Friday, November 19, 2010
While Massachusetts Lieutenant Governor, William Dummer issued three Thanksgiving Proclamations--the first in 1723--which is arguably the oldest proclamation to set the holiday on the fourth Thursday of November. Various sources indicate that Thanksgiving Proclamations had been issued prior to this date.
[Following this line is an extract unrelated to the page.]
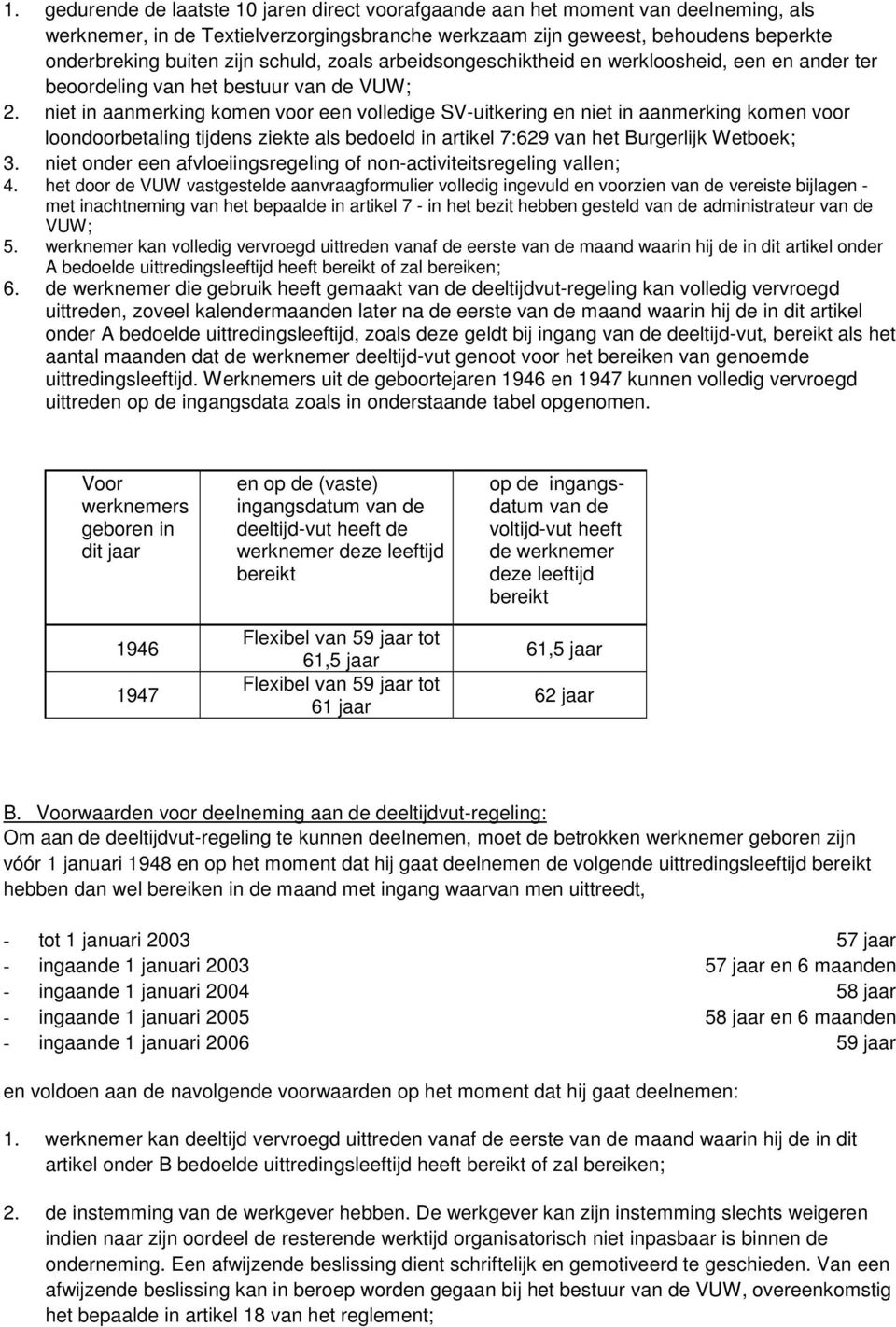 niet in aanmerking komen voor een volledige SV-uitkering en niet in aanmerking komen voor loondoorbetaling tijdens ziekte als bedoeld in artikel 7:629 van het Burgerlijk Wetboek; 3.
Perhaps the most commonly cited example is that of the proclamation issued by the governing council of Charlestown, Massachusetts on June 20, 1676. This Thanksgiving proclamation identified June 29, 1676 as a day of "Solemn Thanksgiving and praise to God for such his Goodness and Favour, many Particulars of which mercy might be Instanced, but we doubt not those who are sensible of God's Afflictions, have been as diligent to espy him returning to us; and that the Lod may behold us as a People offering Praise and thereby glorifying Him; the Council doth commend it to the Respective Ministers, Elders and people of this Jurisdiction; Solemnly and seriously to keep the same Beseeching that being perswaded [sic] by the mercies of God we may all, even this whole people offer up our bodies and soulds [sic] as a living and acceptable Service unto God by Jesus Christ."
Such proclamations, extoling the virtues of being thankful and praising God, were not uncommon through the 17th and 18th centuries, but the date of the first official proclamation to set the date as the last Thursday in November may in fact be the 1723 Thanksgiving Proclamation by William Dummer. The December 1939 issue of The Archon includes an image of this proclamation with the note that, "To ascertain the authenticity of the proclamation considerable research was done. With the aid of Mr. Charles Taylor, Jr., one of the Trustees of the Academy, the document was checked upon by the Archives Division of the Office of the Secretary of the Commonwealth and by the Massachusetts Historical Society. It was finally established that, not only is the document authentic, but that [Acting] Governor Dummer issued three others between 1723 and 1726."
The text of this proclamation can be read above, but the original document is housed in the Pilgrim Hall Museum at Plymouth, Massachusetts.